Will Augmented Reality Enhance The Hotel Stay Of The Future?
— 7 experts shared their view
While virtual reality can be used to attract travelers to a specific destination, augmented reality has the potential to enhance the experience as it is lived. From the point of view of sales and advertising, AR is a great way to show offers and promotions in real-time: a traveler could point the camera at a restaurant and see the menu-of-the-day come to life, or watch hotel room rates shown over the "real" property. It is likely that the future of travel will be made up of a mix of multiple realities: phenomenal, virtual, and augmented.
How will hotels be able to benefit from the technology?
Founder | CEO | Futurist
AR is present in different areas of our life today, even on its most trivial aspects: think about the explosion of Pokémon Go, a game with over 60M active users every month.
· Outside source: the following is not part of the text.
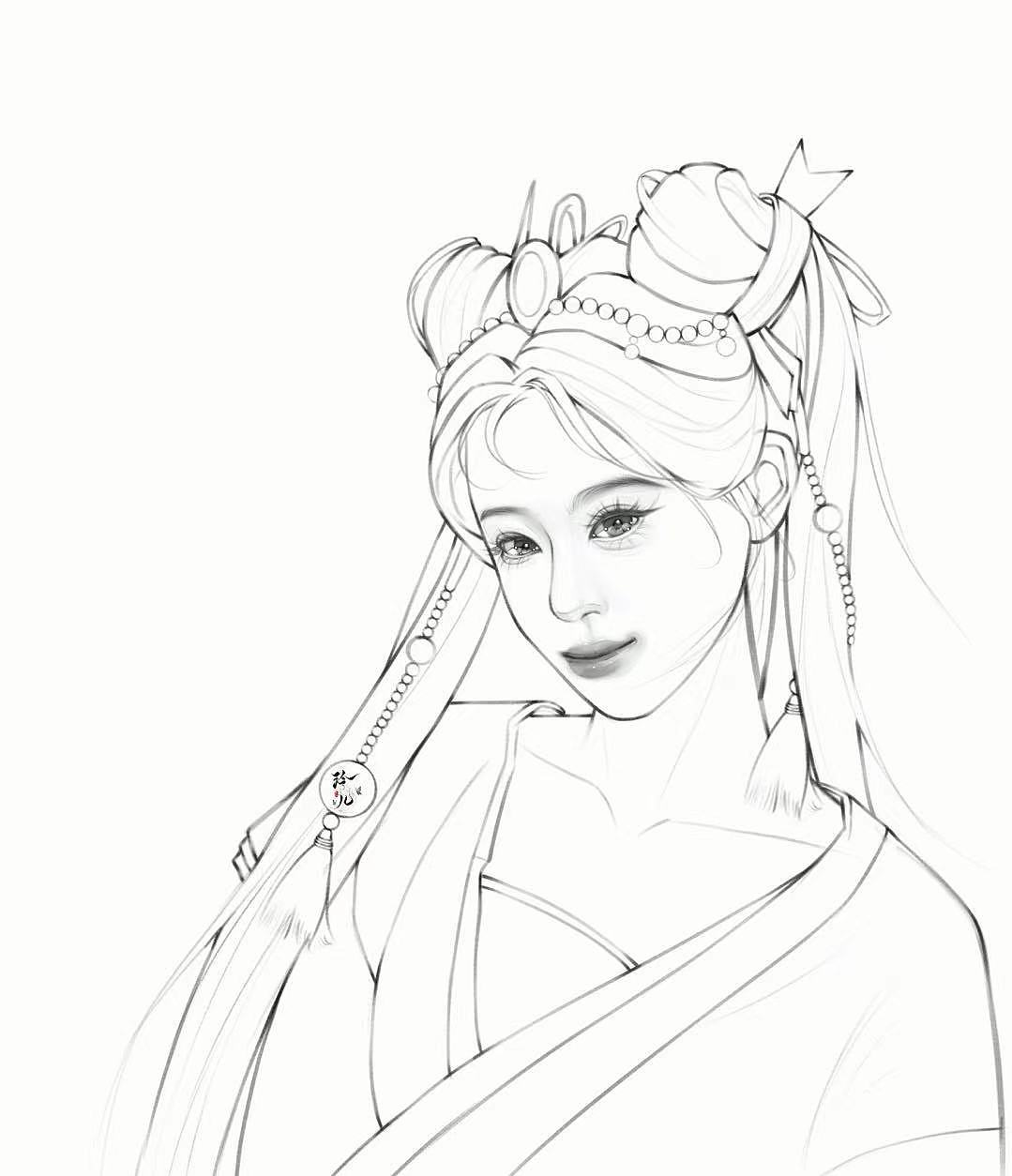 真人转漫线稿及上色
Some hotels have ridden this "gamification" wave, transforming into "Pokétel." AR is also used to offer unique experiences, as in the case of "Le Petit Chef," an application created by SkullMapping, which lets you enjoy your dinner while it is "cooked" by an animated Chef on your plate.
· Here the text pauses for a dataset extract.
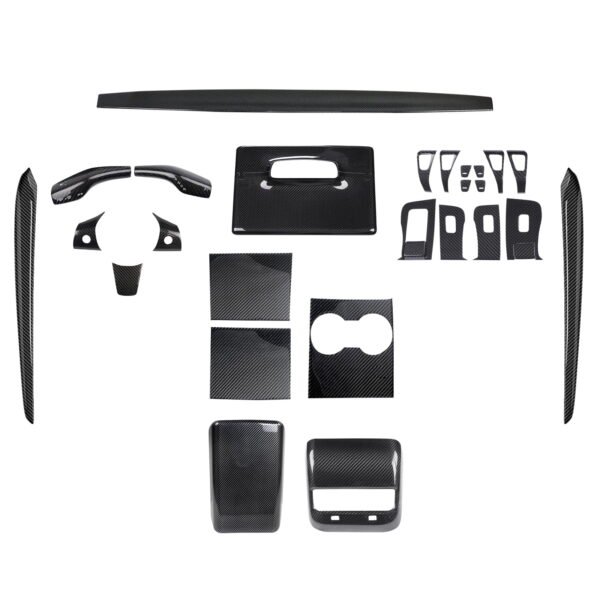 Model 3 / Y Real Carbon Fiber Tesla Interior Mods Wrap Kit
Examples are everywhere, and they show a renewed interest in the technology. I have always felt that the Google Glass flop was more due to an error in timing, rather than design, and several trends confirm this: in '19, Facebook signed a partnership with Luxottica to market its version of AR glasses. In '20, Google itself bought North, a Canadian manufacturer of smart glasses, which had already received funds from Amazon and Intel. Google, especially, is at the forefront when it comes to AR: just open Maps, click on "Live View" and see what happens, or, even better, check Google Lens out. A mobile image recognition app launched during I/O of '17, Google Lens is often referred to as the "Shazam of things." It allows to scan and translate texts from images, menus or flyers, find information, reviews, opening hours, and historical facts about monuments, restaurants, and shops, etc., so I'd say hotels are already, even though mainly indirectly, benefiting from the technology, and they will continue to do so in the future.